# Drawer slider jig - Kreg?



## Jmac80 (16 Sep 2015)

Hello all
Will be building some cabinets soon and was looking at drawer slider jigs, Really liked the look of the kreg one but they don't sell it anymore 
Anyone know of an alternative and also a jig for fixing euro hinges.
Many Thanks


----------



## Eric The Viking (16 Sep 2015)

I was skimming the 'offers' bit of the Axminster site yesterday - they had some proper Blum jigs on discount, but that still brings them down from 'very expensive' to 'ouch' so I didn't pursue it any further. I also can't remember if it was actually a hinge jig or a spacer for drawers or something else (they sell most of the common ones, but there were only a couple on offer, IIRC).

Might be worth a look.


----------



## Lord Kitchener (17 Sep 2015)

This will do for drawer runners and hinge plates. Expensive but there's no practical alternative unless you want to do it by trial and error

http://www.axminster.co.uk/blum-univers ... g-template

If you get it, I can advise on its use.


----------



## nathandavies (17 Sep 2015)

if you own a tape measure then this one will do

http://www.axminster.co.uk/blum-universal-individual-template

Nathan


----------



## Shultzy (18 Sep 2015)

There is another option if you are making a lot of cabinets make a jig to drill all the holes out of mdf. I used a router drill and bush. In first page of my [NewKitchen] shows the jigs. Alternatively cut a set of mdf spacers and use the same set for each side to maintain accuracy. Simple and cheap!


----------



## wcndave (18 Sep 2015)

I used the blum door hinge jig and it was so good, easy, accurate, and very fast. However not cheap.

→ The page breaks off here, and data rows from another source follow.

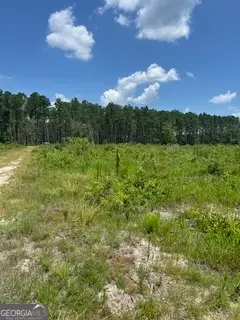 87.21 AC Bay Branch Church Road, Claxton, GA 30417 - Image #3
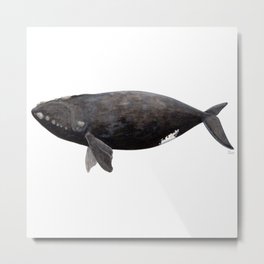 Northern right whale (Eubalaena glacialis) Metal Print | Nature, Right, Animal, Argentina, Blackwhale, Whale, Eubalaena, Marineanimal, Rightwhale, Illustration 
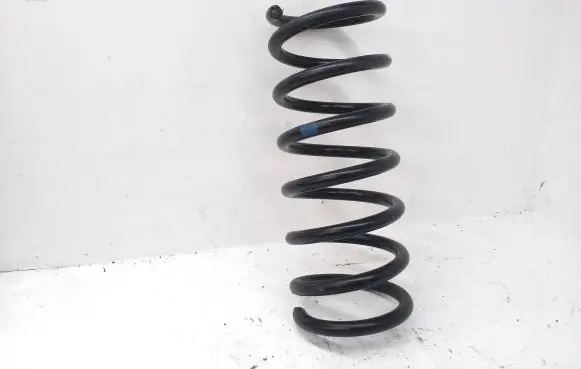 Ford S-MAX Rear coil spring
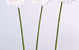 Gerbera 48cm cream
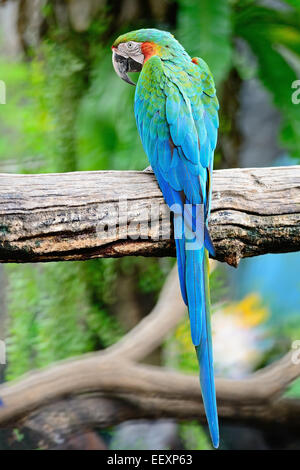 D'Arlequin coloré Macaw aviary, profil arrière Banque D'Images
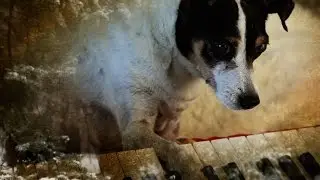 Heart Of A Dog reviewed by Mark Kermode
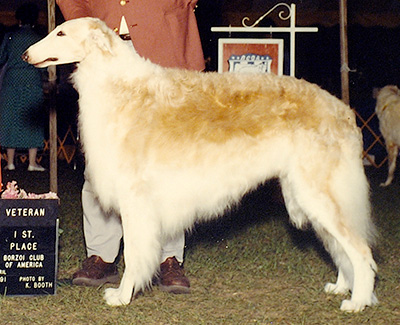 1988 Obedience Graduate Novice Class - 4th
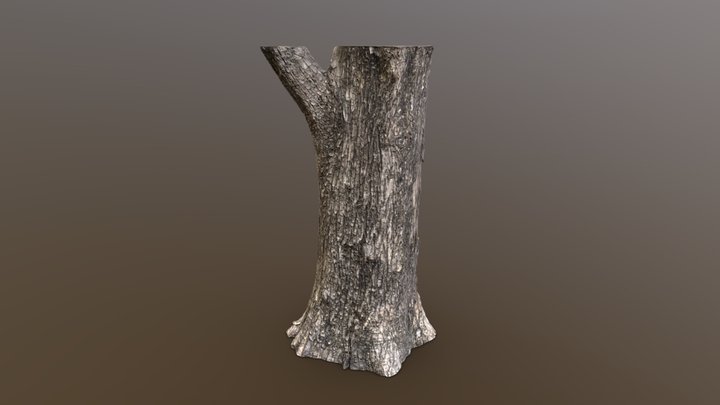 Nanjing Cypress - Retopologized – Modèle 3D gratuit STL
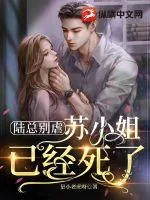 《陆总别虐,苏小姐已经死了》小说封面
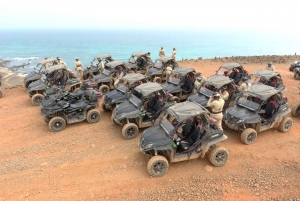 From Santa Maria: Two-Hour 4WD Buggy Desert Adventure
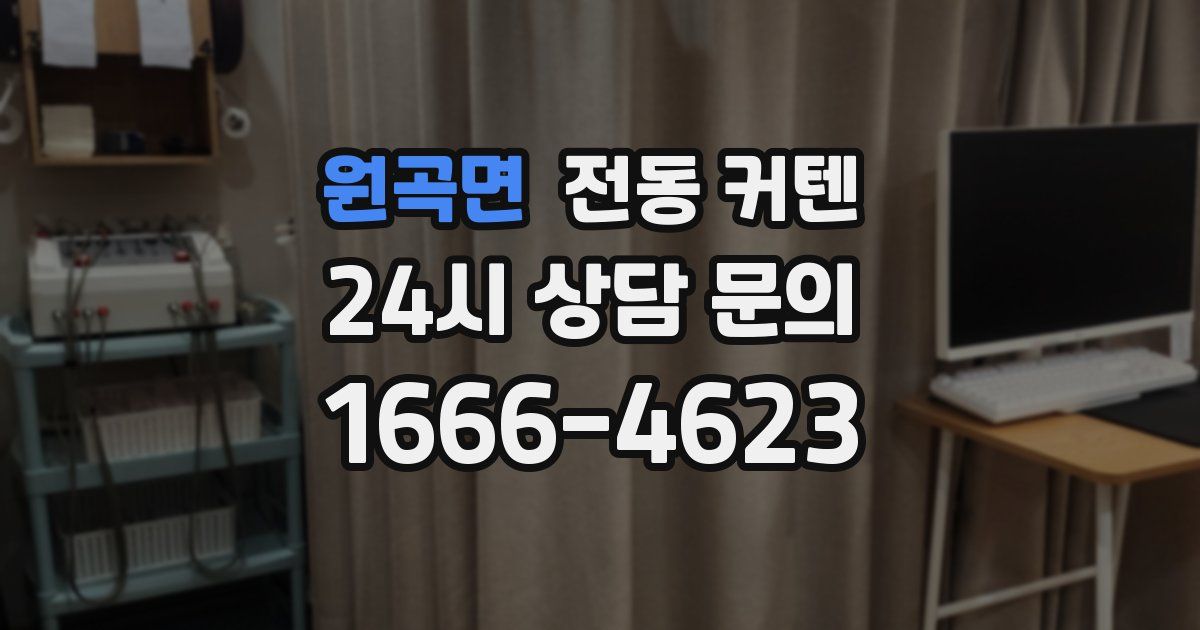 원곡면 전동 커텐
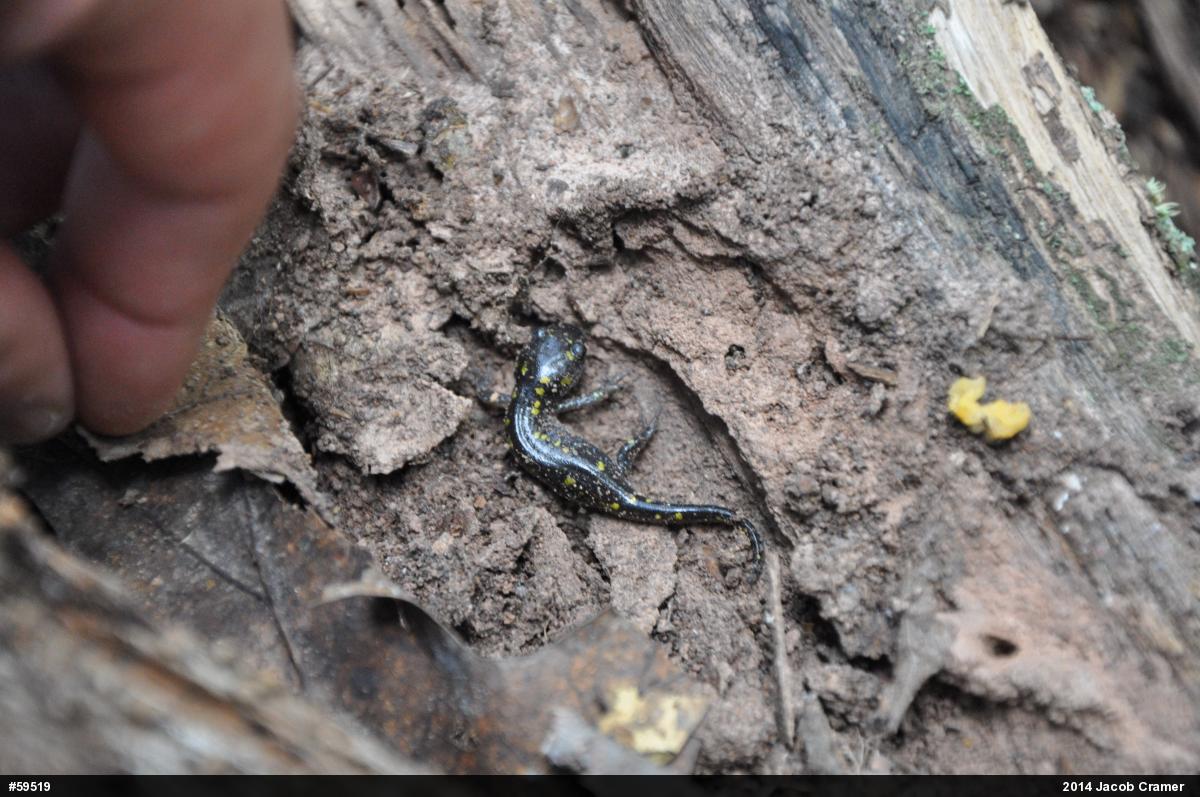 Spotted Salamander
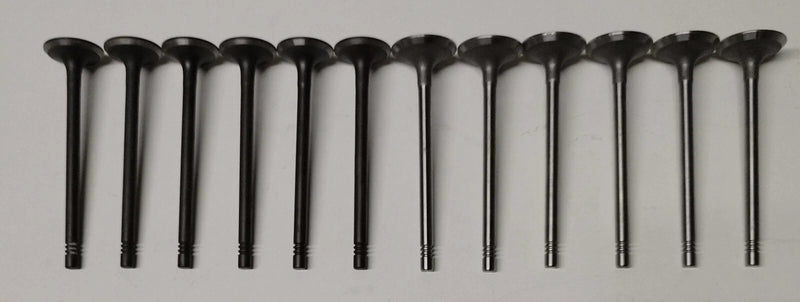 POLO FABIA PRAKTIK ROOMSTER GASKET BOLTS VALVES GUIDES 1.2 12V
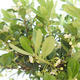 Pokojová bonsai - Ilex crenata - Cesmína PB2201161 - 2/2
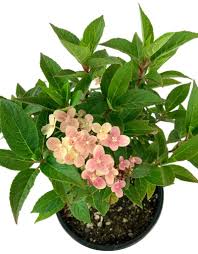 Image result for Gaertnera paniculata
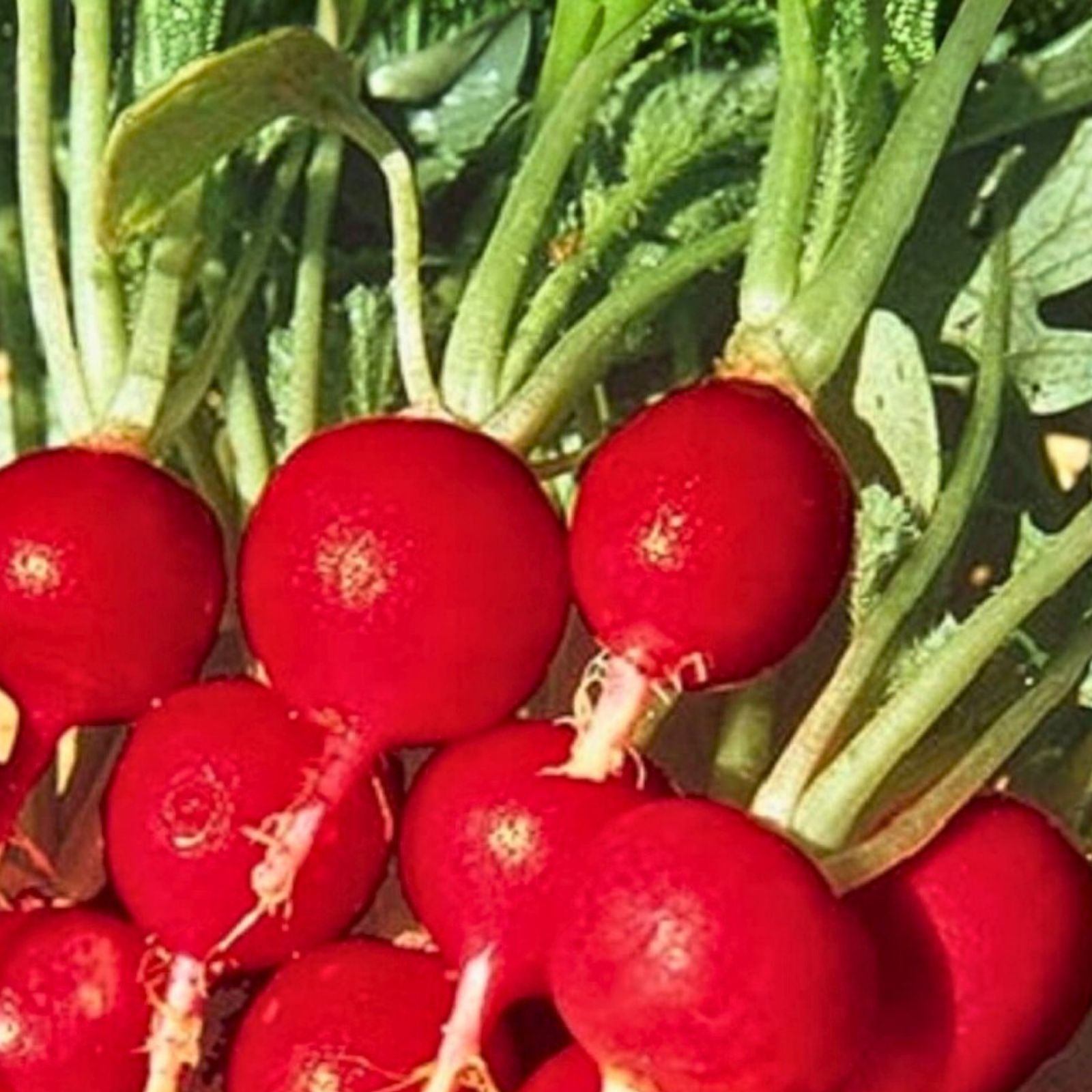 Organic Heirloom Radish Seeds – Champion Variety, Non-GMO, Easy Grow, Perfect for Salads, Raphanus sativus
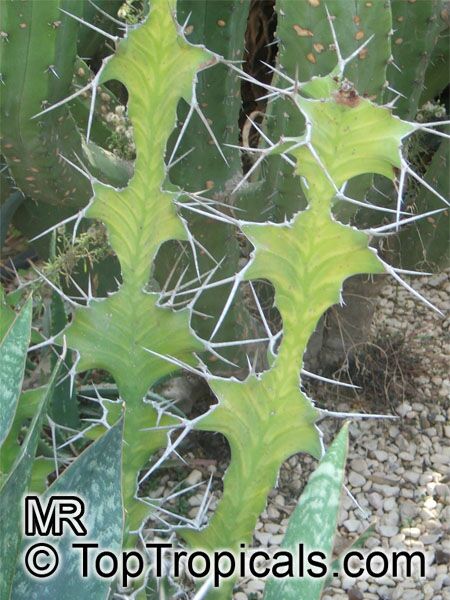 Euphorbia grandicornis, Cow's Horn
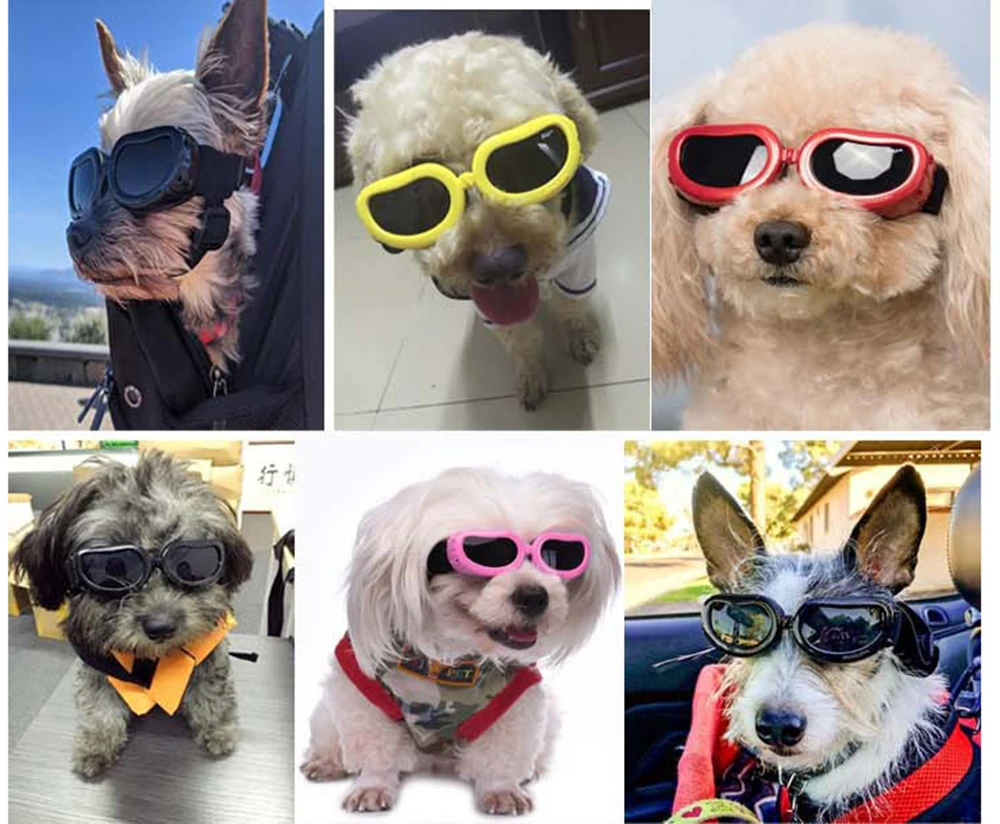 Gafas de sol en mascota durante paseo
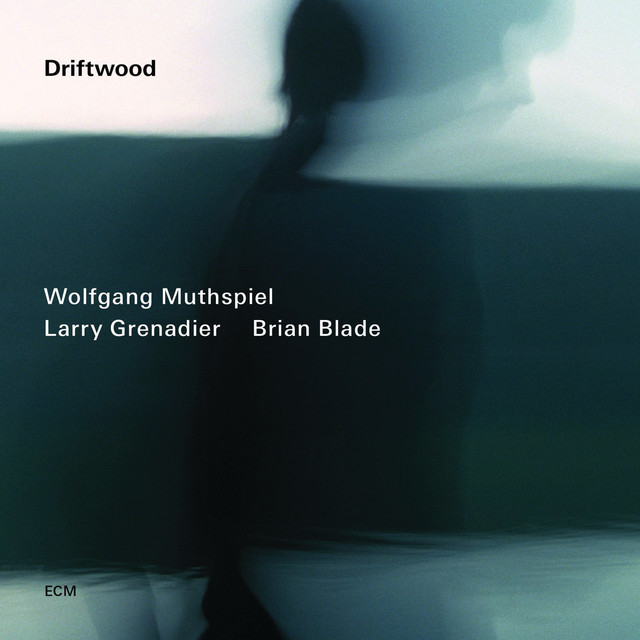 Driftwood album cover
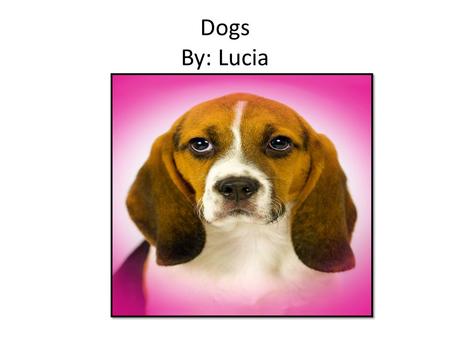 Dogs By: Lucia. Table of Contents Introduction…………………………………Page 3 Chapter1:What Is A Dog……………….Page 4 Chapter2:Feeding Your Dog………….Page 5 Chapter3:Training.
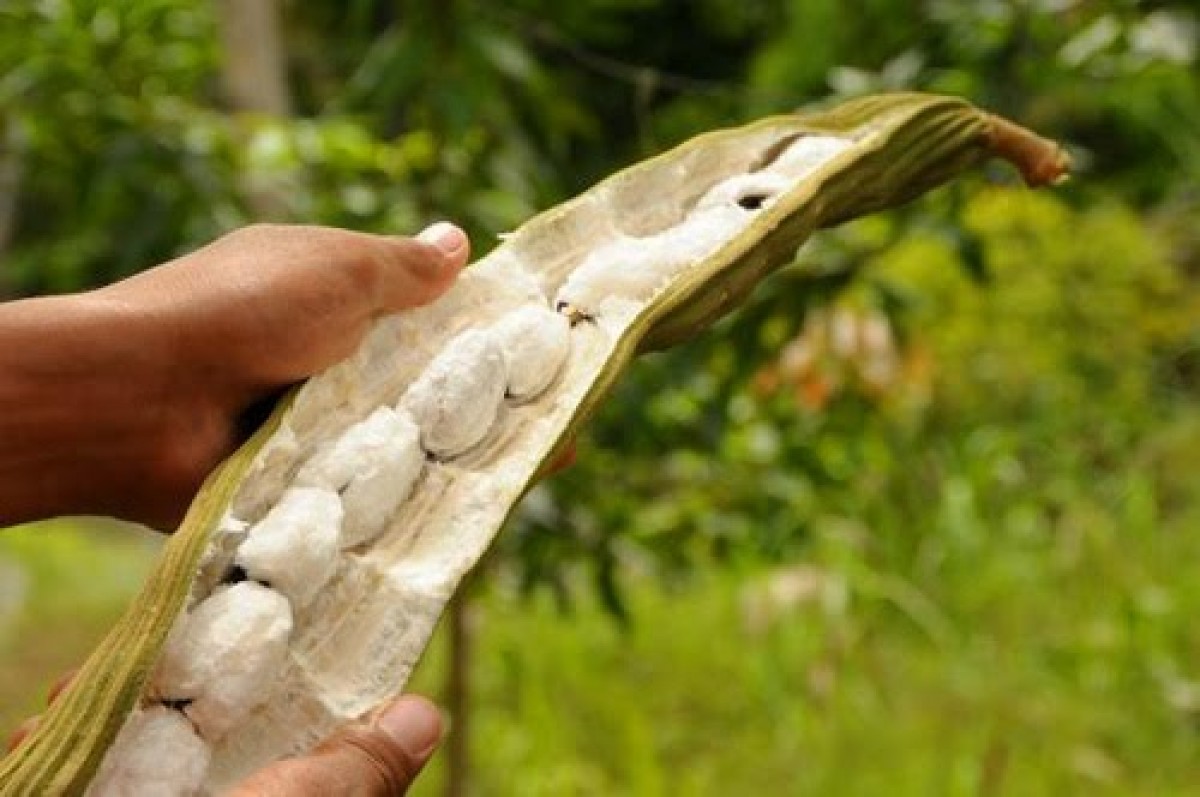 Polpa de fruta pode ser usada como chá para combater bronquite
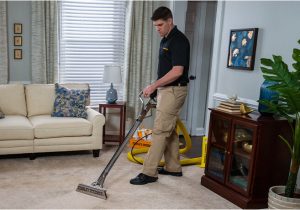Stanley Steemer area Rug Cleaning Cost Moving Cleaning Services Stanley Steemer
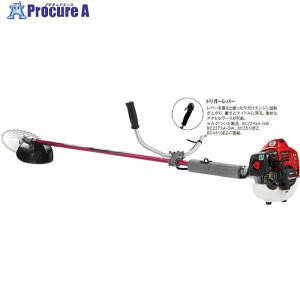 �[�m�A BCZ275A-GW-DC 966798037 1�� ����416-9210 �y�����s�x���ρz���l��l����s��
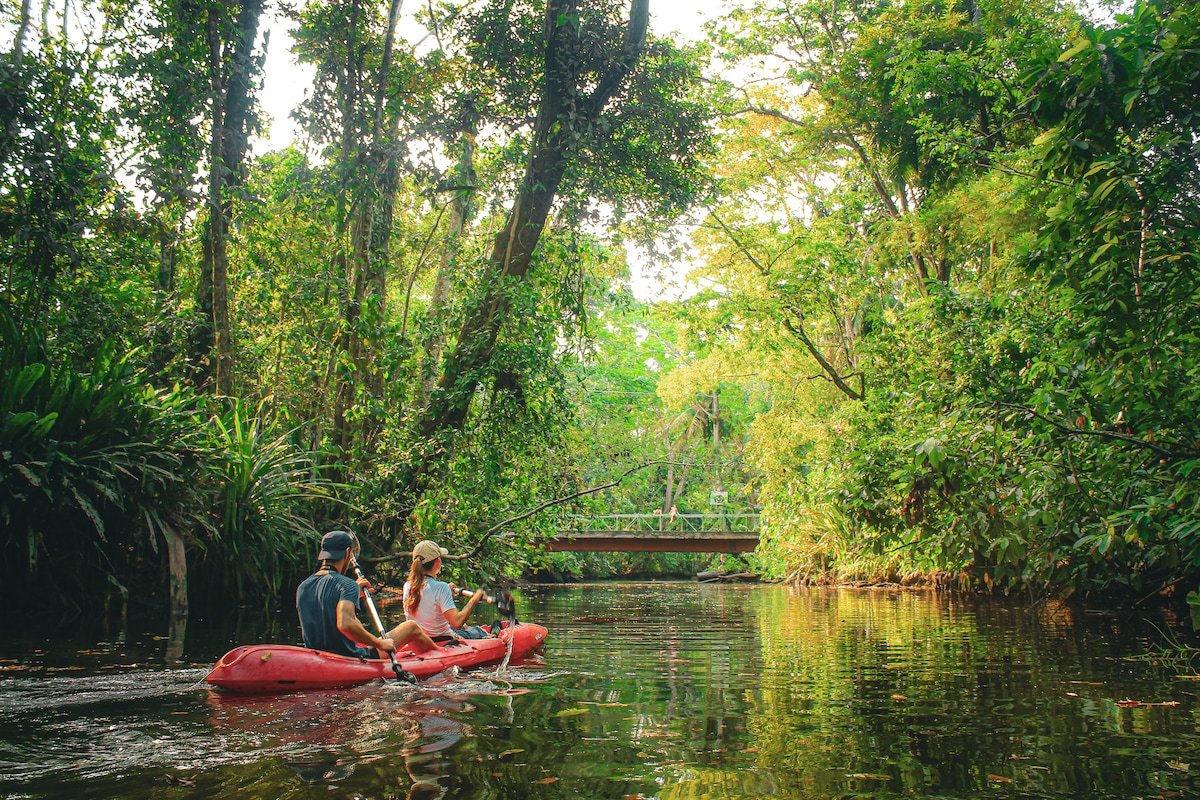 Pick up included kayaking and viewpoint hiking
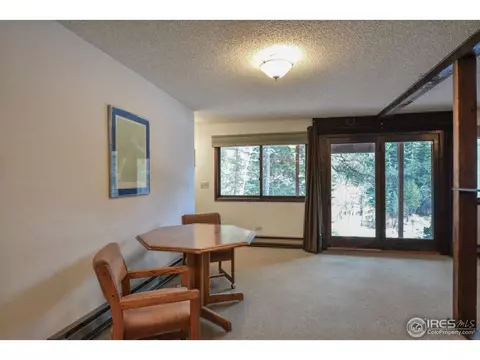 579 Streamside Dr, Glen Haven, CO 80532 photo 14
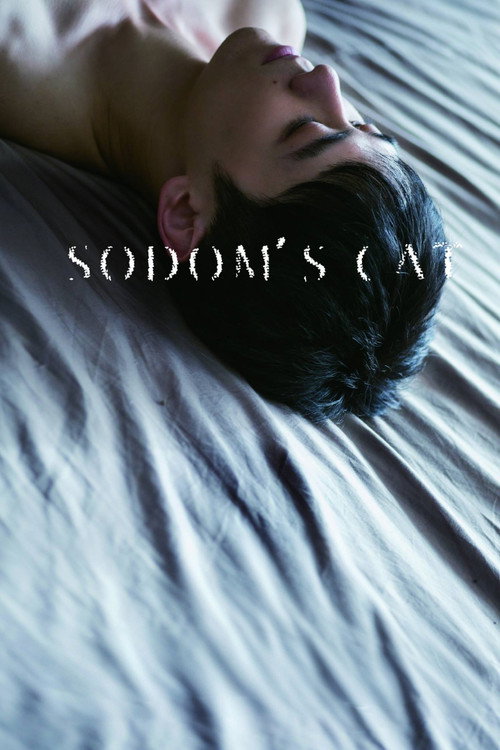 Sodom’s Cat poster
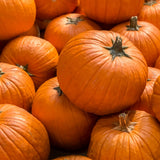 Orange Pumpkin Live Plant, 4-6 Inch Tall, 4 Inch Pot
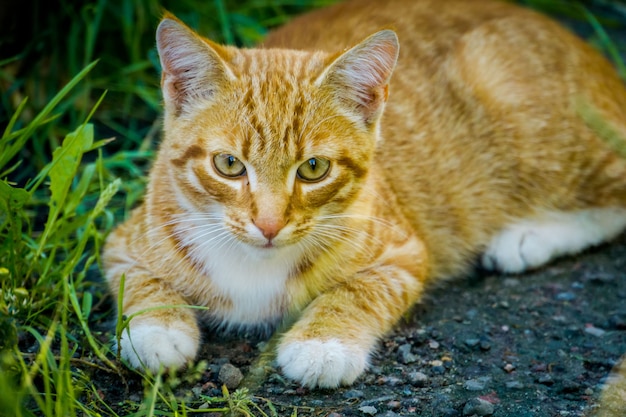 Lindo gato jengibre en la hierba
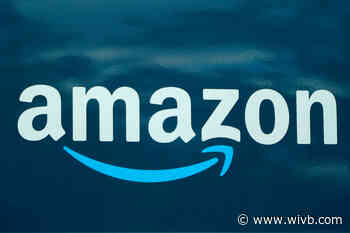 Coalition calls on Hamburg IDA to not use tax money toward proposed Amazon facility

I imagine the drawer one is similar, however I used some mdf and then story board spacers for repeatable and accurate results.


----------



## beech1948 (18 Sep 2015)

i would make up a story stick and if I had lots to do I would cut up some 6mm MDF/or ply to give me the spacing. I keep a number of these as it is often possible to reuse or just slightly cut down for a second or third job


----------



## chippy1970 (18 Sep 2015)

This might be a Blum version of what you're after http://www.axminster.co.uk/blum-minifix

Sent from my MotoE2(4G-LTE) using Tapatalk


----------



## MusicMan (20 Sep 2015)

I have a Kreg jig that I bought in the USA and don't use as I didn't find it all that accurate. I made up my own hardwood jig in the end. When I get to the shop I'll take a pic of it and see if it is the one you want and if so you can make me an offer!

Keith


----------



## mahomo59 (21 Sep 2015)

Festool LR32 system works lovely for hole placement for hinge plate, concealed cup, drawer sides and shelf holes, really easy to use.


----------